The departure of Stuart Levey from his role as the Treasury Department’s under secretary for terrorism and financial intelligence comes as the United States and its allies appear likely to make a push for stiffer sanctions on Iran.
That could potentially mean an even bigger role for Levey’s successor.
A meeting in Istanbul over Iran’s nuclear program involving the major world powers and Iranian officials failed to yield any progress or an agreement to meet again. U.S. Secretary of State Hillary Clinton has raised the possibility of further increasing pressure on Iran.
Obama nominated Levey’s deputy, David Cohen, to replace him. Cohen will need to be confirmed by the Senate.
U.S. officials emphasized they did not think the staff change would stem the momentum for the drive to put the financial squeeze on Iran or to choke off access by militant groups to international sources of money.
“It will have no effect on policy, or on our ability to execute the president’s policy,” U.S. Treasury Secretary Timothy Geithner said. “David came to Treasury with well-established outside expertise and has worked at Stuart’s side for the last two years.”
Levey, a holdover from President George W. Bush’s administration, had built up personal relationships with officials in foreign capitals, and the Obama administration had viewed his efforts as highly successful.
LEVEY WAS ‘SINGLE-MINDED’ IN MISSION
In an interview with Reuters this month, Levey said he felt there was growing awareness among U.S. allies on the need to pinch Iran’s oil revenues to slow its bid to acquire nuclear weapons. He also said that cooperation in instituting sanctions was growing.
“He’s been single-minded in the task that he’s set out: stop all foreign entities from getting around the sanctions. He was tireless in that effort and he was largely successful,” Virginia Tech economics professor Djavad Salehi-Isfahani said of Levey.
But Salehi-Isfahani and some other experts were skeptical of whether U.S.-led sanctions would force a political shift that could lead Tehran to freeze its nuclear enrichment program.

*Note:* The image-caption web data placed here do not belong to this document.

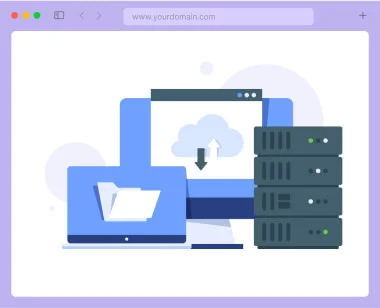Choose Hosting Plan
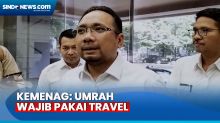 Pelaksanaan Umrah Wajib Pakai Travel Menag: Biar Jemaah Aman
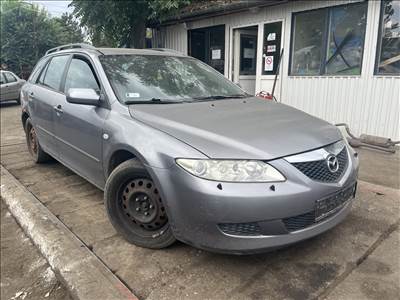 Mazda 6 (1st gen) 2.0D  bontott alkatrészei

Levy urged foreign banks and companies to comply with U.S. sanctions, raising the threat that they could jeopardize their ability to do business in the United States if they violated them. Many banks have cut all ties to Iran as a result.
That has accelerated since the United Nations Security Council toughened financial sanctions on Iran last year, requiring foreign countries to withhold financial services that could support nuclear, missile and terrorist financing efforts in Iran.
Iran insists its nuclear enrichment program is designed to generate electric power. The United States and its Western allies accuse it of seeking to acquire nuclear weapons.